Bloomberg.com | September 8 2010 3:24 EDT
Canada’s dollar strengthened after the central bank raised benchmark interest rates for the third time in less than four months and signaled it may increase them again this year as the nation’s economy continues to grow.
The currency climbed versus all 16 of its most-traded counterparts as the Bank of Canada boosted its target rate to 1 percent from 0.75 percent and investors sought higher-yielding assets. The bank said “financial conditions in Canada have tightened modestly but remain exceptionally stimulative.”
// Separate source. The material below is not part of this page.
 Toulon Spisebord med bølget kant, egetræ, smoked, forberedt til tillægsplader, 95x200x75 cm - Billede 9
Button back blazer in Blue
“To us that clearly signals the bank is not done raising rates,” Blake Jespersen, director of foreign exchange at Bank of Montreal, said by phone from Toronto. “We now think there’s a fairly decent chance that they raise rates again in October.”
The Canadian currency, nicknamed the loonie, appreciated 1.1 percent to C$1.0366 per U.S. dollar at 2:26 p.m. in Toronto, from C$1.0480 yesterday. It touched C$1.0509 before the rate announcement, the weakest level since Sept. 3. One Canadian dollar buys 96.50 U.S. cents. Government bonds slumped.
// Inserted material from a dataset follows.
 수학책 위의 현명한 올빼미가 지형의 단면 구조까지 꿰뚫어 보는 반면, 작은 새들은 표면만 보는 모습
Canada’s recovery will be slower than projected because of a weaker outlook for the economy of U.S., the nation’s biggest trading partner, and further rate increases “need to be carefully considered,” the central bank said in a policy statement that echoed its June and July communiques. Still, Canada’s “consumption growth is expected to remain solid and business investment to rise strongly,” the bank said.
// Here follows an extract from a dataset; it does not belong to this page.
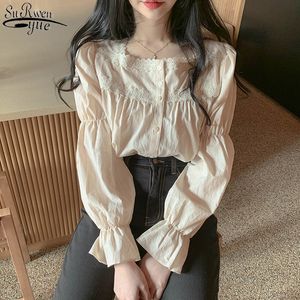 Beige Lace Blouse Vintage Square Collar Women Long Puff Sleeve Shirt Solid Cardigan Sweet Blusas Clothes Tops 11200 210427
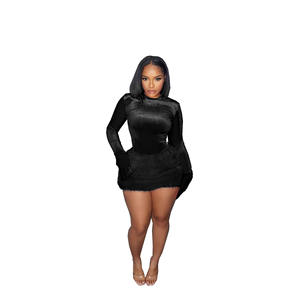 Combinaison moulante automne-hiver CN779 pour femmes européennes et américaines pour <span class=keywords><strong>Amazon</strong></span> Independent Station, sexy, décontractée, en <span class=keywords><strong>peluche</strong></span> courte, naturelle - Product Image 3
“I thought they would express a little more caution this time and they didn’t,” David Watt, senior currency strategist in Toronto at Royal Bank of Canada’s RBC Capital Markets unit, said in a phone interview.
Policy makers’ next two meetings are on Oct. 19 and Dec. 7.
Bonds Drop
Government bonds tumbled, pushing the yield on the benchmark two-year note as much as 14 basis points higher to 1.43 percent, the highest level since Aug. 17. A basis point is 0.01 percentage point. The price of the 2 percent security maturing in September 2012 decreased 23 cents to C$101.17.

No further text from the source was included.